Record excerpts —
------------------------------

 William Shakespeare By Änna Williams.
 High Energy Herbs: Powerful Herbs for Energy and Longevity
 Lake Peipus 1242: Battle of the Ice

------------------------------

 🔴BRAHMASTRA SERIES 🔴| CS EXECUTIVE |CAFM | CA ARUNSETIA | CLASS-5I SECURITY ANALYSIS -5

------------------------------

Among the entries above, the lines between the ones containing "High Energy Herbs: Powerful" and "Lake Peipus 1242: Battle of the Ice", inclusive, are to be transcribed exactly. No other line is to be given.

Response area —
 High Energy Herbs: Powerful Herbs for Energy and Longevity
 Lake Peipus 1242: Battle of the Ice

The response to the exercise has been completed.